* Problem details
Word for word, write out the entries that follow, omitting all pictures.

─── Listed records ───

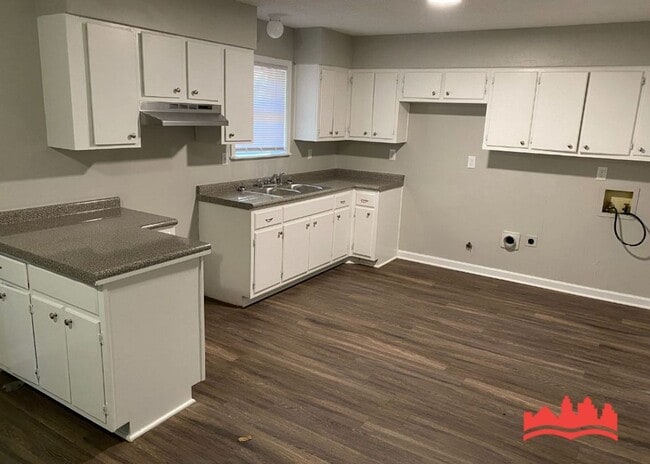 Building Photo - 5082 Chantilly Dr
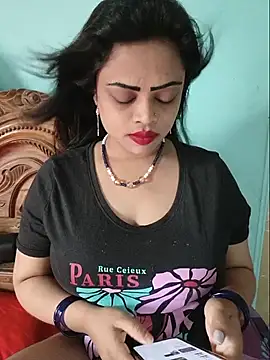 Snapshot of Beauty-3 chatting on 24, 6, 2026 Beauty-3 online show from 24, 6, 2026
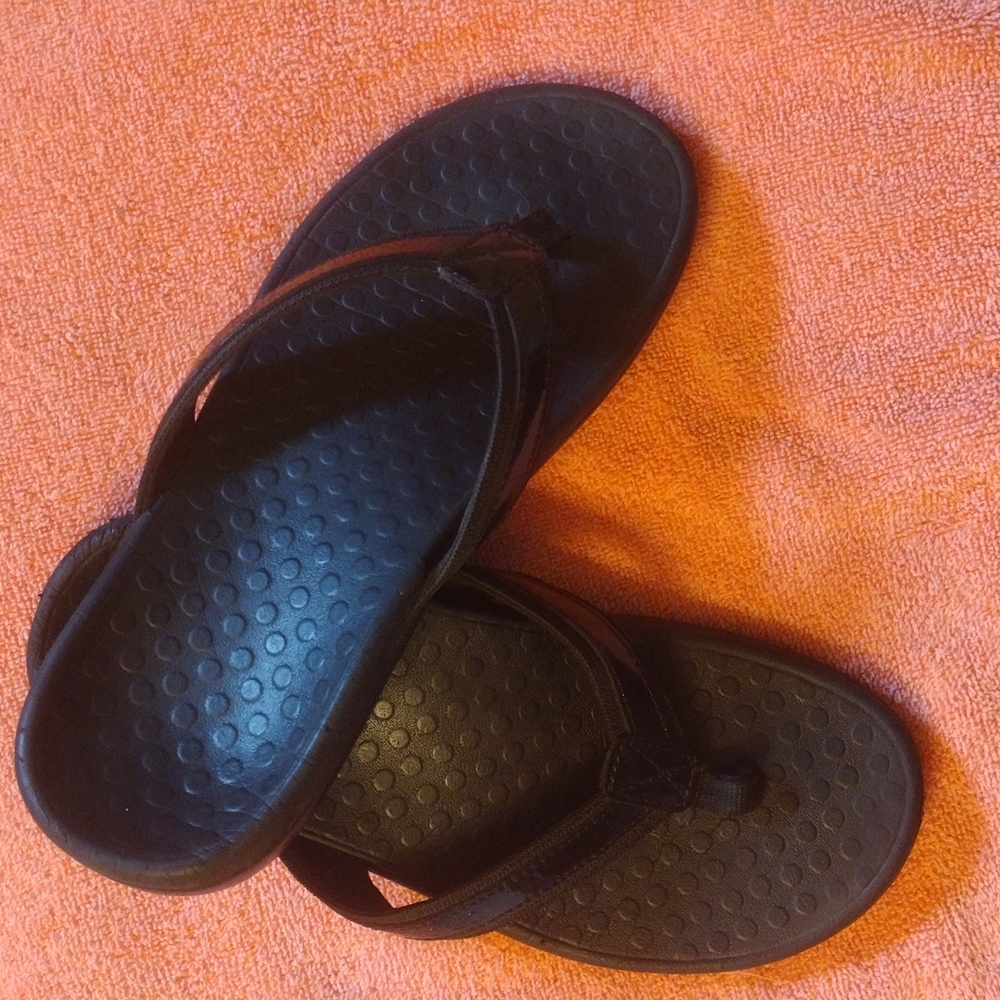 Vionic Woman's 44 Tide ll Toe Post Sandle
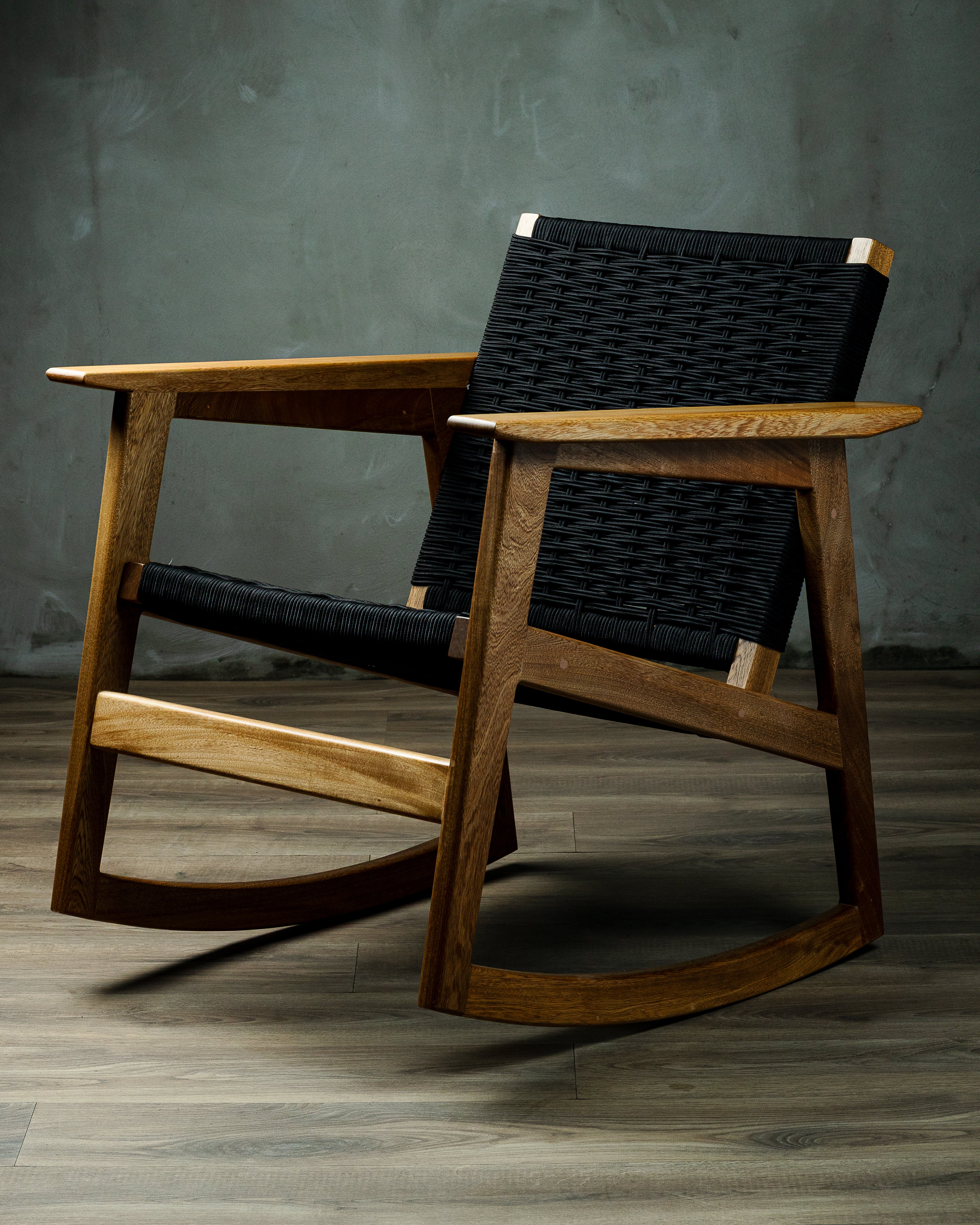 Mecedora Galva Parota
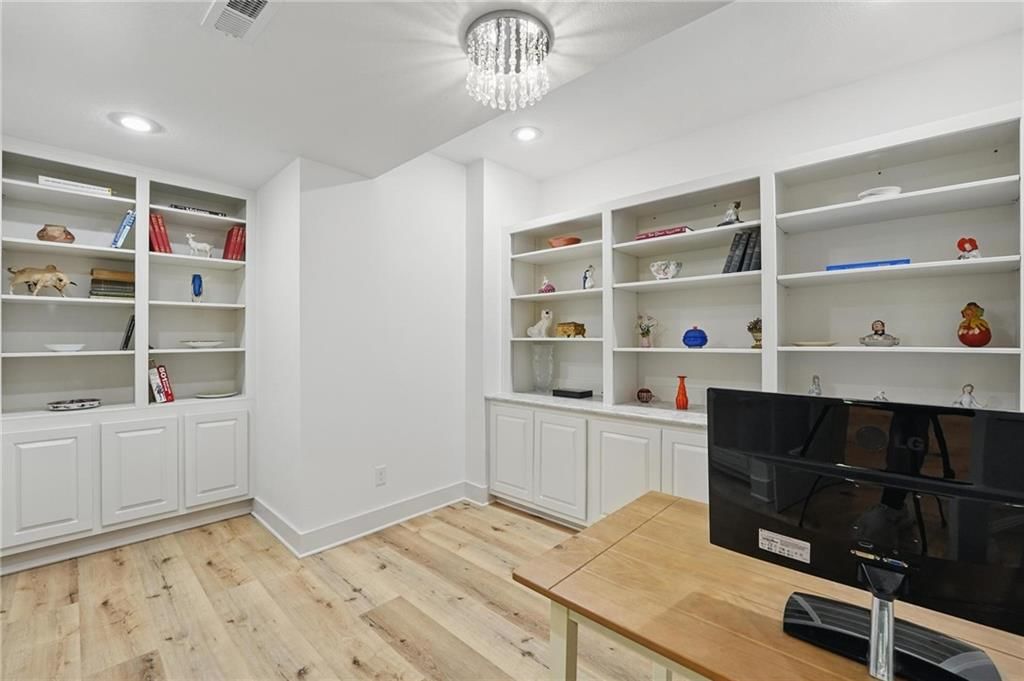 6112 N Mattox Road — photo 33
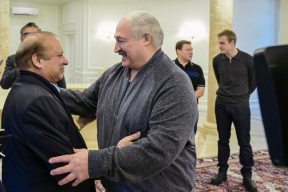 Почему Лукашенко с сыновьями встретил делегацию Пакистана в домашней одежде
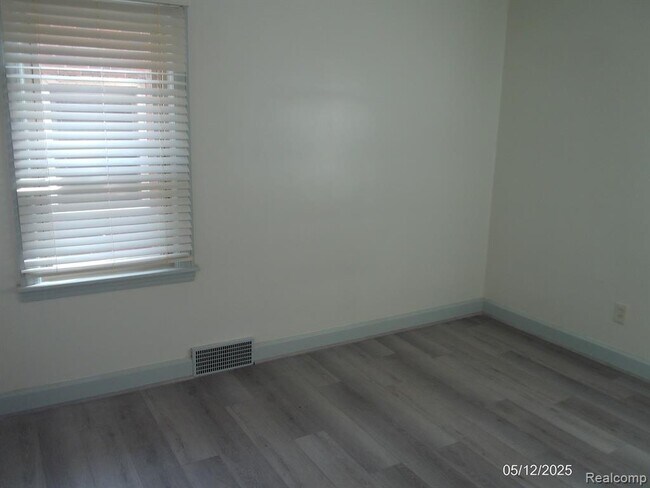 Building Photo - 4861 Korte St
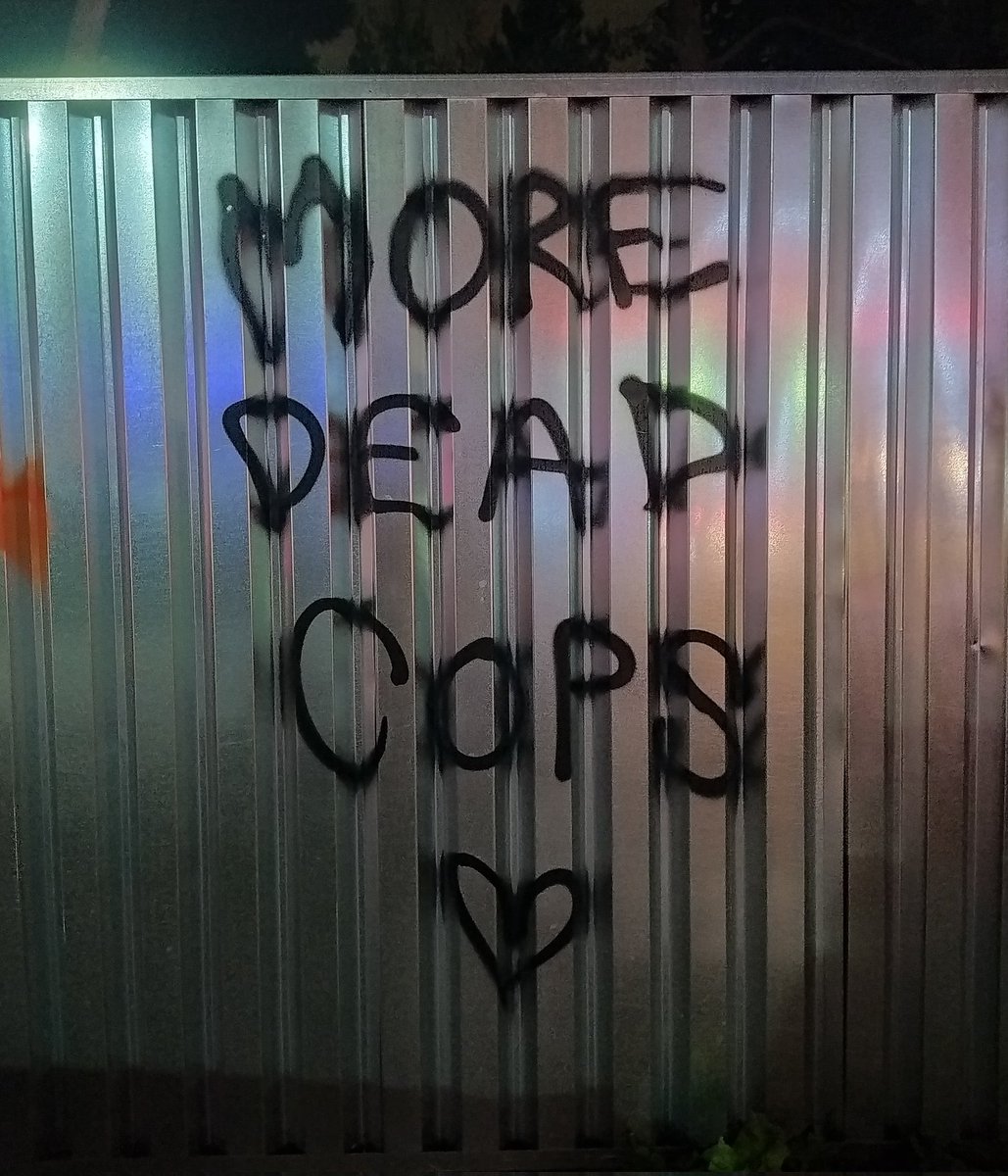 oaxnotes's tweet image. Without downloading any pics, what’s your energy going into 2023?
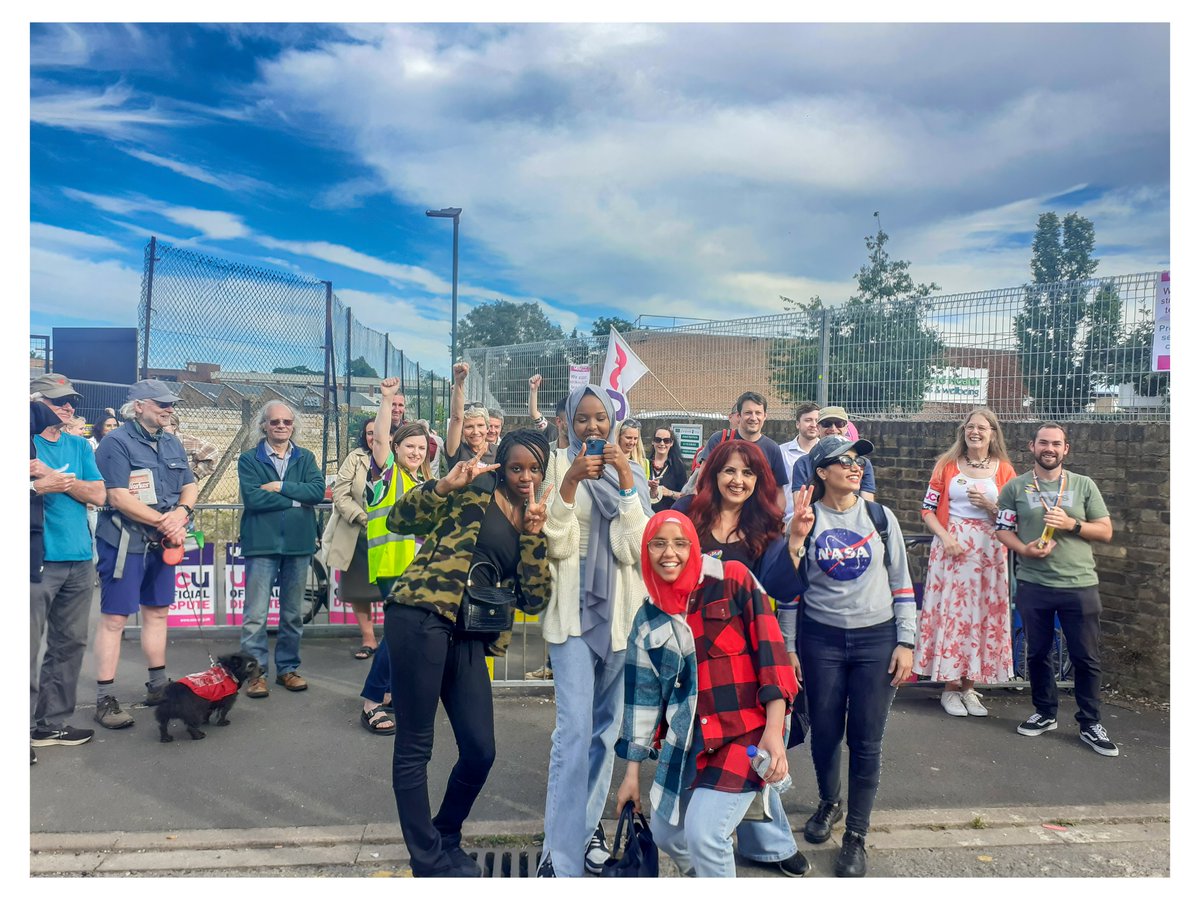 Victory to @UCUrichmond as they announce 14 days of strike action to start at the beginning of the new academic year. @ucu @UCU_CandI @UCULondon @LondonUCU @GoldsmithsUCU @UcuHopwood @UCU_HWUBranch @UCU_Hackney @ThcUcu @UCUBuryCollege @RcaUcu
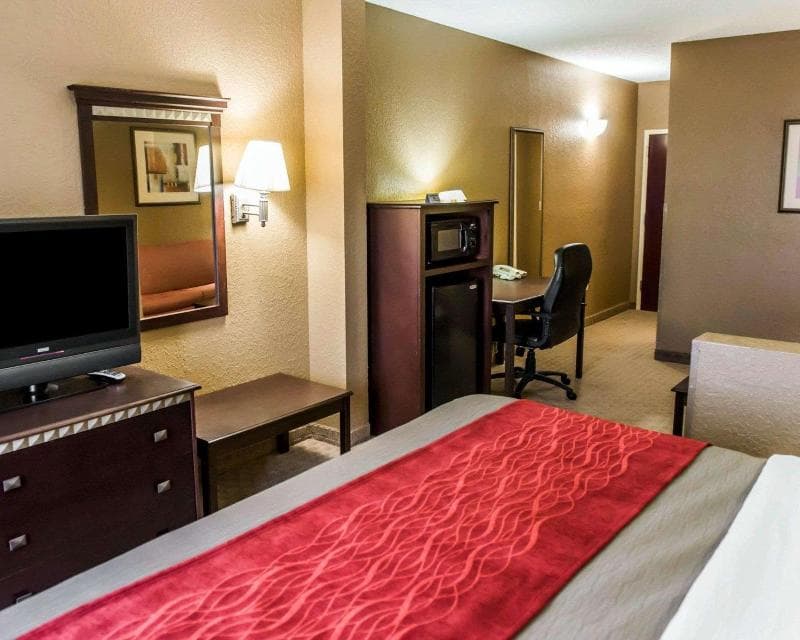 Comfort Inn & Suites Marianna I-10 5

───

* Expected answer
 Building Photo - 5082 Chantilly Dr
 Snapshot of Beauty-3 chatting on 24, 6, 2026 Beauty-3 online show from 24, 6, 2026
 Vionic Woman's 44 Tide ll Toe Post Sandle
 Mecedora Galva Parota
 6112 N Mattox Road — photo 33
 Почему Лукашенко с сыновьями встретил делегацию Пакистана в домашней одежде
 Building Photo - 4861 Korte St
 oaxnotes's tweet image. Without downloading any pics, what’s your energy going into 2023?
 Victory to @UCUrichmond as they announce 14 days of strike action to start at the beginning of the new academic year. @ucu @UCU_CandI @UCULondon @LondonUCU @GoldsmithsUCU @UcuHopwood @UCU_HWUBranch @UCU_Hackney @ThcUcu @UCUBuryCollege @RcaUcu
 Comfort Inn & Suites Marianna I-10 5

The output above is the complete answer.